En el caso de los escoceses, que han recibido enormes cantidades
de inmigrantes en su tierra en los últimos años y que cuando son pobres son
igual de pobres que los ingleses, hay una doble explicación. Una, que no se les
adoctrina con sentimientos xenófobos desde una temprana edad, sino más bien
todo lo contrario; y que el sistema de educación estatal en Escocia es, como el
ex-ministro Michael Gove bien sabe, muy superior al inglés.
Los escoceses poseen
en mayor abundancia que los ingleses las facultades mentales necesarias para
saber distinguir entre los predicadores farsantes y los sinceros, entre las
políticas que les convienen y las que no.

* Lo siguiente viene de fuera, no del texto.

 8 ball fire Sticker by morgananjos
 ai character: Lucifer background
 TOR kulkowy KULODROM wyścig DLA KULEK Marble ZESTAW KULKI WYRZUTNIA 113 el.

La saludable lección que el resto del mundo debe aprender del disparate
en el que han caído los ingleses, entonces, es estar más alerta que nunca.. al
populismo barato de aquellos que pretenden llegar al poder apelando a sus
prejuicios y resentimientos. Con suerte, el resultado del referéndum británico,
y las consecuencias desastrosas que arrastrará, hará más difícil que los
votantes estadounidenses sucumban al flautista Trump, o los franceses a Marine
Le Pen, del mismo modo que el apocalíptico fracaso del también disparatado
proyecto chavista en Venezuela con suerte servirá de advertencia a los demás
países de América Latina.
Si el mundo no aprende de estas lecciones quizá llegue el día en el que
tengamos que replantearnos la idea de que la democracia es el sistema político
menos malo que ha inventado la humanidad.